Icebreaker Festival, Portsmouth, 25th-26th Jan 2019
Billed as ‘The South’s largest unsigned metropolitan music festival’ Icebreaker has become a staple in the winter festival calendar. Chasing away the January blues, this weekend saw over 150 artists play over 2 days in venues along Albert Road and Elm Grove in Southsea, leading to the much loved and established Wedgewood Rooms. As well as providing a host of stages large and small, there was a real community feel and the event clearly brought visitors and business into the local area.
The beauty of Icebreaker is not just in the number of acts to choose from but the diverse range of genres and music. With a lot of festivals it’s easy to go and see the bands you already know and love and maybe catch a few new ones too. At Icebreaker it’s equally easy to change that ratio; see a few favourites then take in as many new names as you can.
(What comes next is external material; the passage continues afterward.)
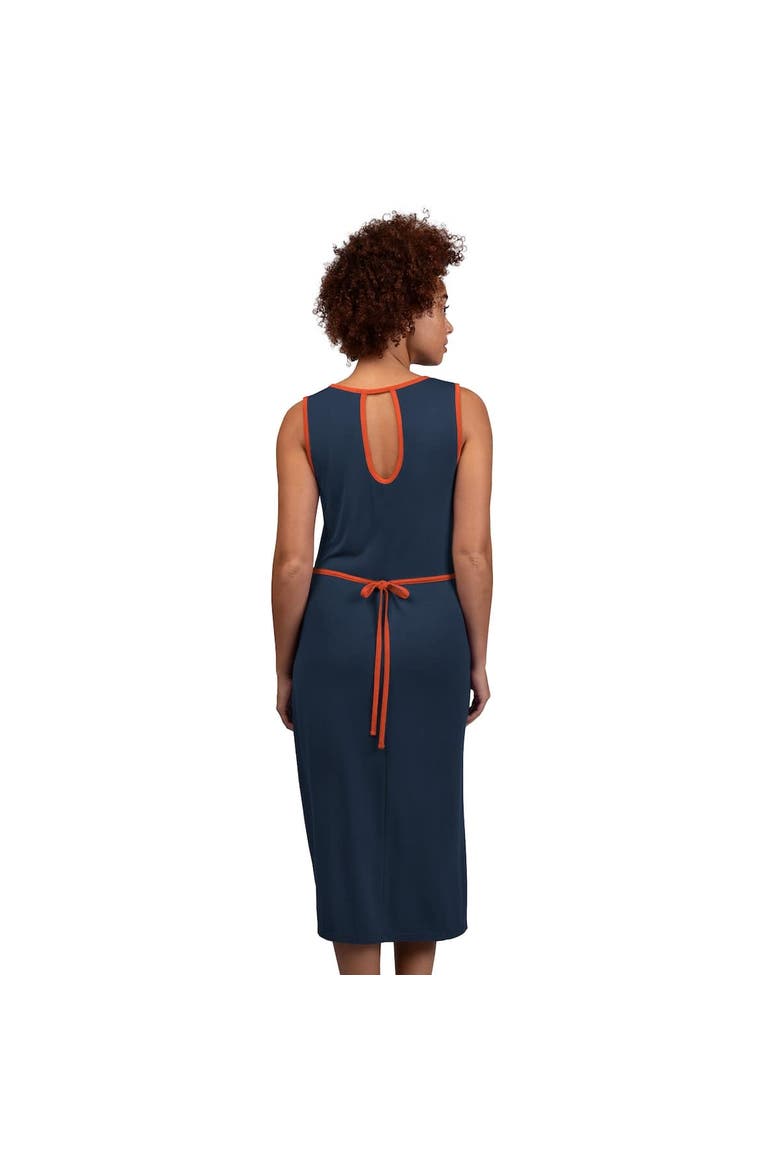 Women's G-III 4Her by Carl Banks Navy Houston Astros Center Field Maxi Dress, Alternate, color, Navy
And be left in no doubt that unsigned doesn’t mean there’s less quality around.
It’s impossible to see everyone but here’s how my Saturday played out. Despite being early in the day, The Vitrines opened Edge of the Wedge with bags of indie energy; down the road at Emporium Bar, Something Leather showcased their hauntingly gothic melodies and Currls kept everybody smiling with some soul-tinged new wave at Lord John Russell.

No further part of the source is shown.